Review: Korkers Devil’s Canyon Boot
I first saw these boots while cruising the show floor at IFTD 2014. They were the first BOA integrated wading boot I’d seen so they caught my eye.
Korkers sent a pair for testing, which I’ve been doing for about a month or so. I fish just about every Sunday on the Beaver Tailwaters (White River in Arkansas) as well as a spring fed river in Missouri called Roaring River when the White is generating electricity. I also took these boots to Jackson during an outdoor blogger conference and got to fish for about two hours on the Gres Vent River.
The closest competitor I could find is the SIMMS G4, which I also own. Here are my thoughts between the two.
Wading boots pretty much all do what they’re supposed to do. You stick your booties in em and walk around in the water. If they do just that, then I’d give a solid four stars. What makes that fifth star are the extras that makes a product special. In this case, it’s the BOA strap that eliminates the tying and untying wet laces as well as the the removable/replaceable soles so you can switch out the soles depending on what you’re wading in. They do offer felt soles which to me is a step back for me (our area in the Ozarks is under attack from Didymo). Nevertheless, the fact that they have switchable soles means that they’ll last longer since it’s typically the soles that wear out.
Design and Aesthetic ★★★★★
In terms of design, these boots are much more comfortable to slip on and off than the SIMMS G4 thanks to a neoprene tongue. While I do realize that the G4’s are designed to have a more supportive ankle, for slow waters like tailwaters that we have out here, there’s no need for a young guy like myself to have so much ankle support. It just feels bulky and restricting.

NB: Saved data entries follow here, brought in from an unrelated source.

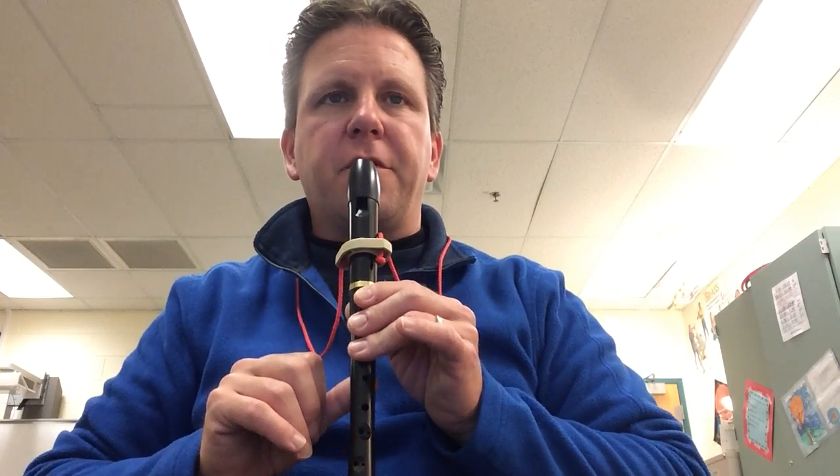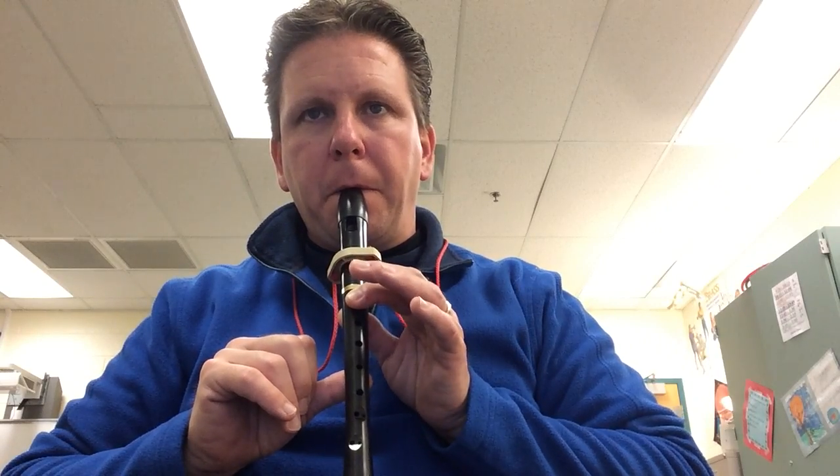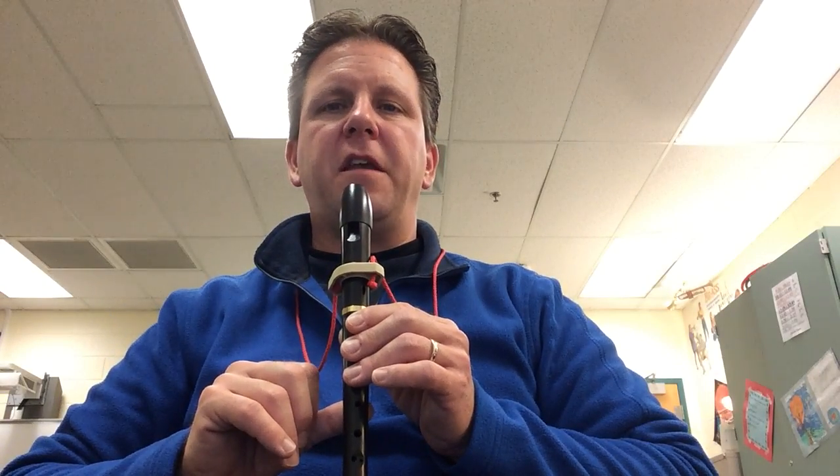Here's how it sounds. Make sure you use warm air and play gently. All right, keep practicing and do your best. Thank you.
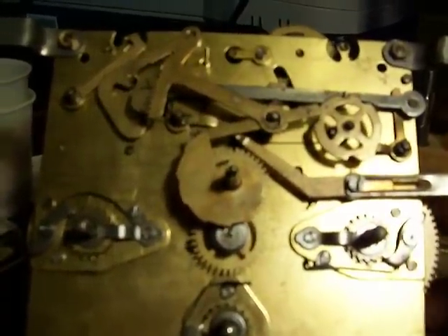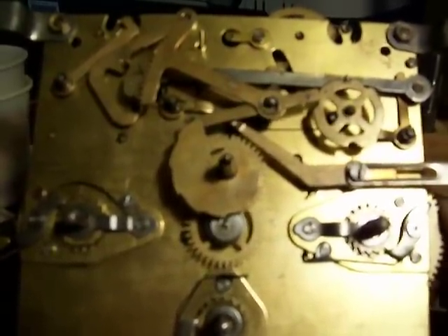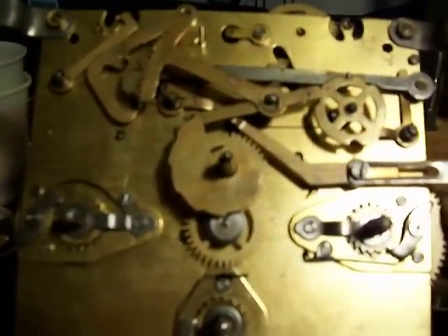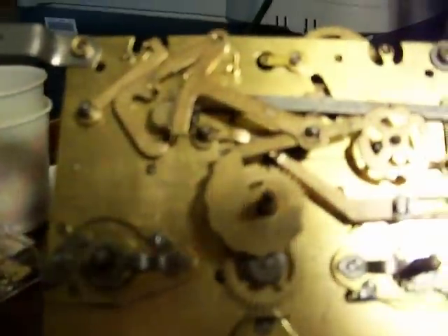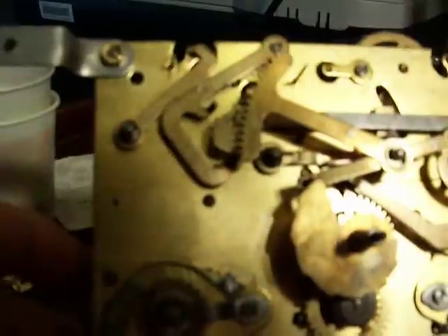Hey Dick, here's your clock. Here's a couple of bushings that are needed. It's your quarterly chime. And on the strike side, a little racking snail.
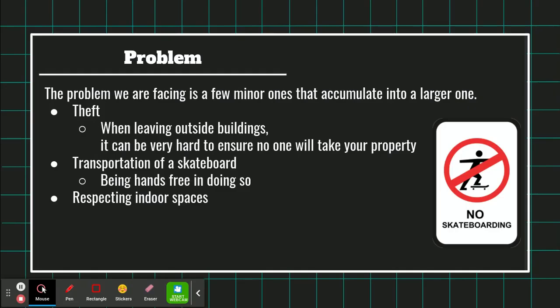The Skate Pack. The problem we are facing is a few minor ones that accumulate into a larger one: theft — when leaving outside buildings, it can be very hard to ensure no one will take your property. Transportation of a skateboard, being hands-free in doing so, and respecting indoor spaces.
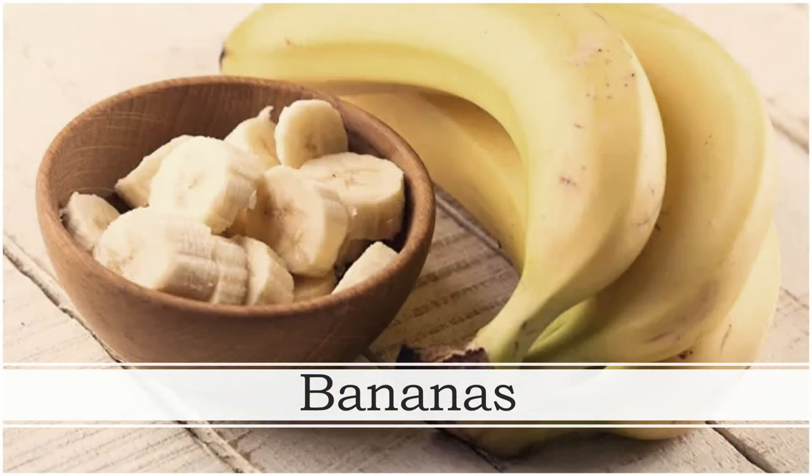Bananas are extremely healthy and delicious. They contain several essential nutrients and provide benefits for digestion, heart health, and weight loss. Aside from being very nutritious, they are also a highly convenient snack food. Bananas are among the world's most popular fruits, native to Southeast Asia, and are now grown in many warm parts of the world. The most common type is the Cavendish, which is a type of dessert banana — green when unripe, it yellows as it matures.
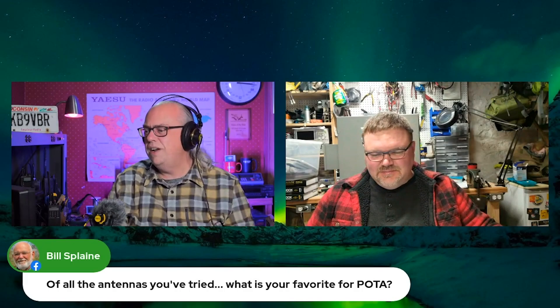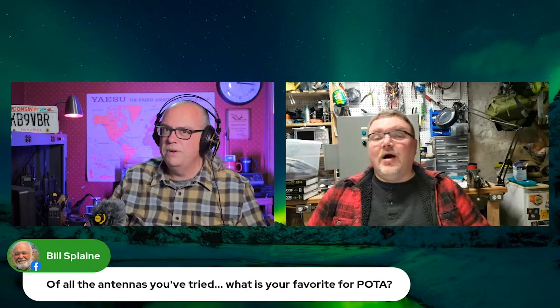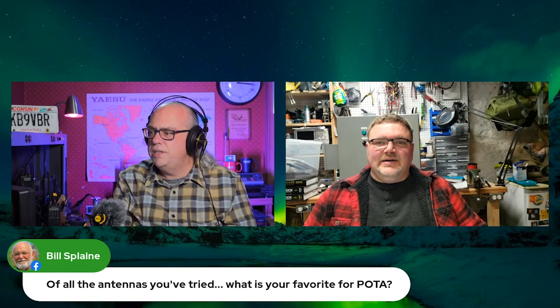Bill asks: of all of the antennas you've tried, what is your favorite for POTA — Parks on the Air? That is a really good question. I'm just going to kind of name off some of the antennas I've used in the last year. Of course, the Wolf River Coil, and my homebrew link dipole that does 20 and 40 meters.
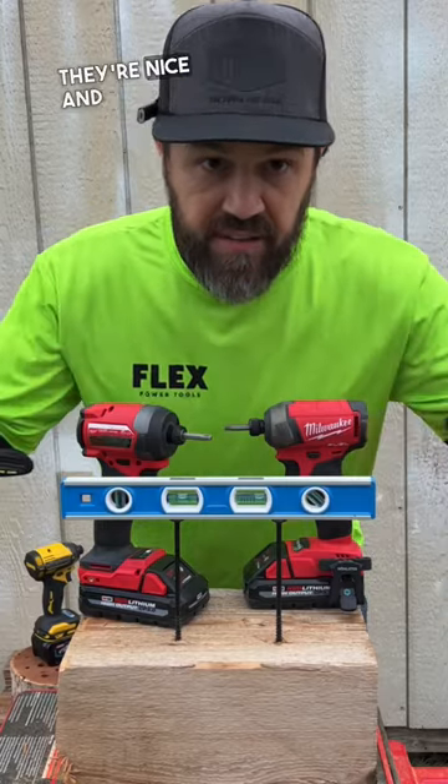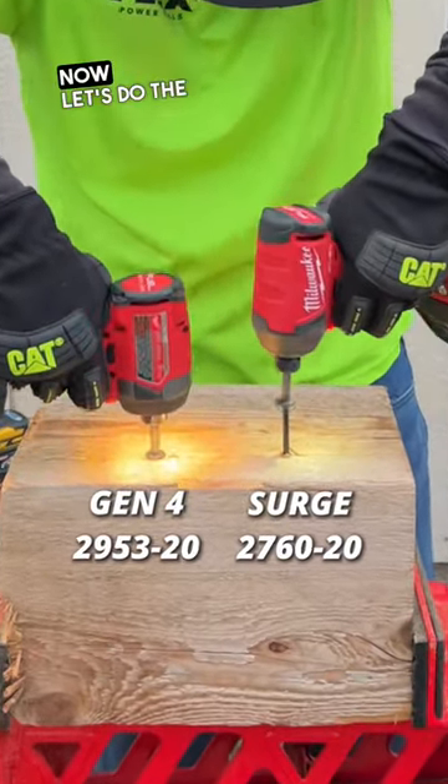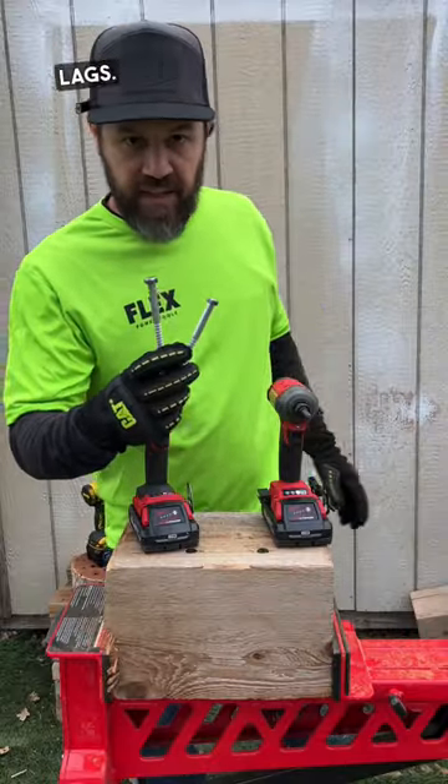We're going to start off with the structural screws. They're nice and level. Now let's do the 6-inch lags.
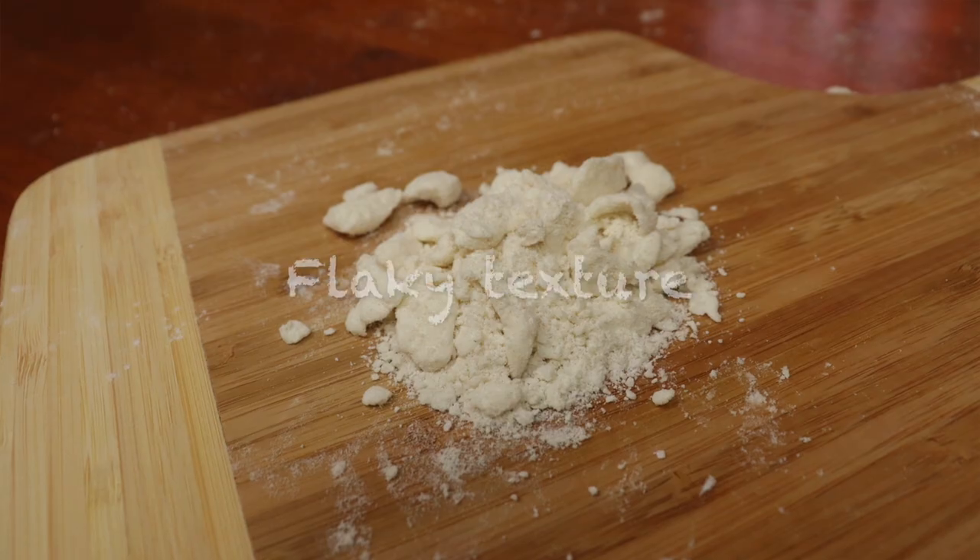But if you take that same fat and mix it into the flour until it looks like large peas, you are then making flaky pie dough.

That said, last week I was in Jackson Hole fishing on the Gres Vent River (fast water) and nearly lost my footing crossing a fast moving tributary. That could have spelled disaster and right then I realized the benefit of stiff ankle support in boots. So for my particular situation fishing tailwaters mainly, I prefer a looser, more comfortable boot. But when the water is fast, stiff boots are the way to go. Because I prefer a looser boot, again, five stars here.
I’ve fished in these every Sunday for two months. A couple hundred rainbows, a few browns and a Yellowstone Cutthroat later, I’m pleased to say that these boots still look new. They’re definitely an over-engineered category in general (wading boots) so I don’t see them falling apart soon. But that’s what you should expect from a $200 pair of boots.
The neoprene ankle support is definitely flimsier than their G4 counterparts’s waterproof PU coated leather but that doesn’t make them any less durable. So in that sense, I can’t really give them a good reason for a 4 star here.
They’re $200 which is pretty up there for wading boots but is about 20 percent cheaper than the G4. That said, they are BOA boots which is a big deal to me. And for BOA boots, they’re one of the better values out there.
I’ll admit that I’m not as critical of gear as maybe other reviewers are, but this has been one of my favorite pieces I’ve received this year and is definitely the highest review I’ve ever given for a piece of gear. I prefer them over my G4’s, plus they’re a little cheaper which says a lot (when you choose the cheaper gear over the more expensive one).